Instructions for the task:
Please return only the lines from the one holding "Домашние пижамные брюки брюки1 фото" through the one holding "www.siskhonda.com", exactly as they appear in the records below, both ends included.

Data shown:
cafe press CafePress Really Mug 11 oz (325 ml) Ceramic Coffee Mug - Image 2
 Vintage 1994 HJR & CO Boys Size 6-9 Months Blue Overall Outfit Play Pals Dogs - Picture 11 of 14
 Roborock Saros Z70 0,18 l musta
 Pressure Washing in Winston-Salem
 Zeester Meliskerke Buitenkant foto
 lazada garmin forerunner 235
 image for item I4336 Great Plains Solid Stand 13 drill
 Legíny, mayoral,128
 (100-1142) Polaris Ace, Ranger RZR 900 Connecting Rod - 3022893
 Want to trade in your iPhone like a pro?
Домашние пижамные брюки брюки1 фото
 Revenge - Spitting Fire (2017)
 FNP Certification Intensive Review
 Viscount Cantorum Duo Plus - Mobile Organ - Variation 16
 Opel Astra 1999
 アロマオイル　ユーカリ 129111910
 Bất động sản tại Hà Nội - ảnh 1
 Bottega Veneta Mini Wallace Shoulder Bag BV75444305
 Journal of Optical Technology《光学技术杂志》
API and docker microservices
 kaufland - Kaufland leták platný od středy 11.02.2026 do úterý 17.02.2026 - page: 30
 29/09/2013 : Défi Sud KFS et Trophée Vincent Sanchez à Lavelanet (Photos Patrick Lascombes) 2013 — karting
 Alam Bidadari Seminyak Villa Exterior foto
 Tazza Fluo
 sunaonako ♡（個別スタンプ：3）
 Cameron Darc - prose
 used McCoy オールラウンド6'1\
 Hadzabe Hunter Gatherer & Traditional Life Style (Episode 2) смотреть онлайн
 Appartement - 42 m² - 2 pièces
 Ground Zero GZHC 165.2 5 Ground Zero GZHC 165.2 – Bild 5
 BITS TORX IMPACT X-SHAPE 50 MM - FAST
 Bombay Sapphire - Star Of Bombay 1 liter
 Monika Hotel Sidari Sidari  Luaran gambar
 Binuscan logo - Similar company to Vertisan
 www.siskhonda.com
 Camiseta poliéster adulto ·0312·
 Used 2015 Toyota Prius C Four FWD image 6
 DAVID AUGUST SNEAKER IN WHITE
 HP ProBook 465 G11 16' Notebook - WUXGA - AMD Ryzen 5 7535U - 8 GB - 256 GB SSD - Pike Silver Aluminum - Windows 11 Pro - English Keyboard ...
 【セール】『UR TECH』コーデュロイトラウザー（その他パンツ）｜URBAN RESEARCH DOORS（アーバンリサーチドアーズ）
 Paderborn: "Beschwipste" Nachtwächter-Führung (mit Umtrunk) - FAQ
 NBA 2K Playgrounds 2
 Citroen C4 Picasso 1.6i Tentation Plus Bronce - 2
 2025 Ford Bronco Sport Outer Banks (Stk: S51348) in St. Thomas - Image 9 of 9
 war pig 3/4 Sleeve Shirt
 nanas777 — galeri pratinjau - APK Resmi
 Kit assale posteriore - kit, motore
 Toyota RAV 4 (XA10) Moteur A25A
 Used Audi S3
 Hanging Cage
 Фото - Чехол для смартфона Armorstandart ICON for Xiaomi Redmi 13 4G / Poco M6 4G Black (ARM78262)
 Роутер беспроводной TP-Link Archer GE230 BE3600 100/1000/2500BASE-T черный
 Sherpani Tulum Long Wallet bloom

Solution to this problem:
Домашние пижамные брюки брюки1 фото
 Revenge - Spitting Fire (2017)
 FNP Certification Intensive Review
 Viscount Cantorum Duo Plus - Mobile Organ - Variation 16
 Opel Astra 1999
 アロマオイル　ユーカリ 129111910
 Bất động sản tại Hà Nội - ảnh 1
 Bottega Veneta Mini Wallace Shoulder Bag BV75444305
 Journal of Optical Technology《光学技术杂志》
API and docker microservices
 kaufland - Kaufland leták platný od středy 11.02.2026 do úterý 17.02.2026 - page: 30
 29/09/2013 : Défi Sud KFS et Trophée Vincent Sanchez à Lavelanet (Photos Patrick Lascombes) 2013 — karting
 Alam Bidadari Seminyak Villa Exterior foto
 Tazza Fluo
 sunaonako ♡（個別スタンプ：3）
 Cameron Darc - prose
 used McCoy オールラウンド6'1\
 Hadzabe Hunter Gatherer & Traditional Life Style (Episode 2) смотреть онлайн
 Appartement - 42 m² - 2 pièces
 Ground Zero GZHC 165.2 5 Ground Zero GZHC 165.2 – Bild 5
 BITS TORX IMPACT X-SHAPE 50 MM - FAST
 Bombay Sapphire - Star Of Bombay 1 liter
 Monika Hotel Sidari Sidari  Luaran gambar
 Binuscan logo - Similar company to Vertisan
 www.siskhonda.com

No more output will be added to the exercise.